Sadie Gennis claims that “no one’s safe” in the new “Veronica Mars” movie debuting this Friday. It is just one of her eight warnings/clues about what to expect in the reboot of the TV series. She says that with car crashes, gunshots, and electrocution, “everyone’s at risk and no one’s above suspicion.” With Kristen Bell as the title character, she has moved on from her days as a teen detective to become a New York lawyer. Other hints about what to expect: Veronica is still her own worst enemy, the plot is all the fault of actor Adam Scott from season one, and be sure to stay for the credits for “the cherry on top of the marshmallow.” TV Guide.
Is Charlie Sheen up to his old ways? Recent absences from shooting the FX comedy series “Anger Management” are said to “have angered his co-stars.” One source says the cast “is threatening to stop working if the absences persist.” His previous long-time CBS comedy “Two and a Half Men” fired him during absences due to substance abuse and other issues. His publicist states that he will return to the set for production early this week. Hollywood Reporter.

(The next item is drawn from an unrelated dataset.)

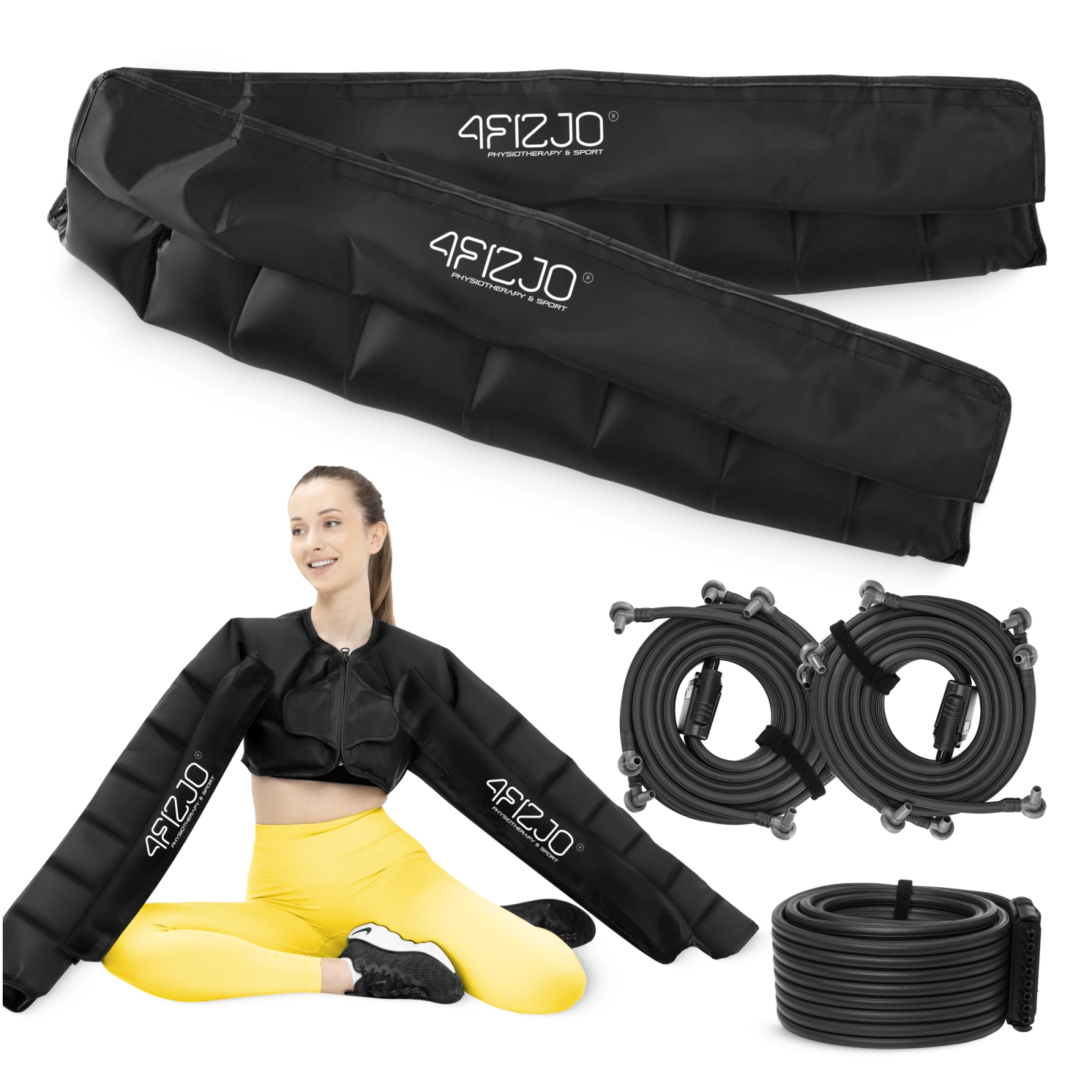 PODWÓJNE MANKIETY RĘKAWY DO APARATU DO DRENAŻU LIMFATYCZNEGO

Screenwriter John Ridley regrets not thanking his “12 Years a Slave” director Steve McQueen while accepting an Oscar last week. He says, “You know, the guy changed my life. At the Oscars you have 30 seconds to talk and it’s like the oxygen drops out of the room.” His bigger regret is not explaining another thanks he did give from the stage. He spoke of a script coordinator named Gayle who gave him early support many years ago but did not tell people that she became his wife and was in the audience. Entertainment Weekly.
Could the next award on the mantle of Alfonso Cuaron be an Emmy? He won two Oscars last week for “Gravity” (directing and editing) and helms the premiere episode of the new drama “Believe.” The show about the powers of telekinesis, levitation, and clairvoyance debuts on NBC Monday before moving to a regular slot on Sundays. Cuaron excutive produces along with J.J. Abrams (“Lost,” “Star Trek” films). Last year’s drama directing Emmy went to a feature film helmer, David Fincher (“House of Cards“). USA Today.

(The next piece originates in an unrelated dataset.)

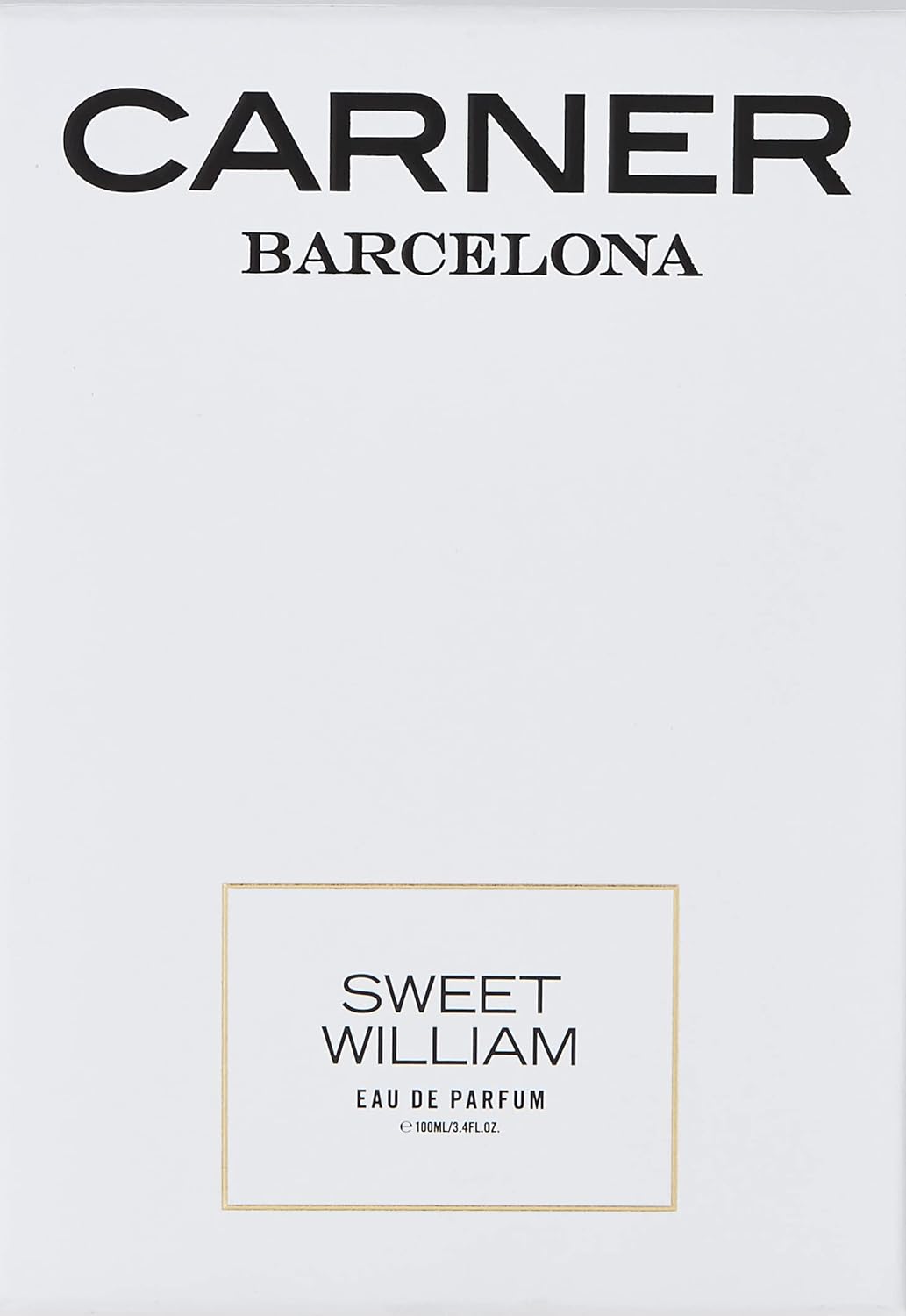 Carner Barcelona Sweet William Eau de Parfum, 100 ml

The sequel “300: Rise of an Empire” opens to a huge $45 million, even without the return of star Gerard Butler and director Zack Snyder. Another strong debut is the animated “Mr. Peabody and Sherman,” which brought in $32.5 million. The Liam Neeson action film “Non-Stop” falls to third place with $15.4 million (overall cume of $52.1 million). Thompson on Hollywood.
Among the specialty and independent films this weekend, “The Grand Budapest Hotel” (Wes Anderson) checks in with a record per-screen average. It earned a “stunning” $200,000 per screen average in a total of four theaters in New York and Los Angeles. The previous record was “The Master” (Paul Thomas Anderson) in 2012 with a $142,262 per screen average. Fox Searchlight officials hope this will become Anderson’s biggest film, after 2001’s “The Royal Tenenbaums” with its total domestic take of $52.36 million. Deadline.
The Fox network renews four shows it calls its “core assets within our 2014-15 portfolio of content.” Comedies “Brooklyn Nine-Nine,” “The Mindy Project,” and “New Girl” will all return in the fall for new seasons. The Kevin Bacon drama “The Following” will be back again next January. The network had already renewed “Bones,” “Glee,” and “Sleepy Hollow” weeks ago. Vulture.
“Saturday Night Live” will welcome back Louis C.K. as its guest host on March 29. It will be his second time at the helm after his previous gig in November, 2012 earned him an Emmy nomination as Best Comedy Guest Actor. No musical guest is announced yet for this episode. TV Line.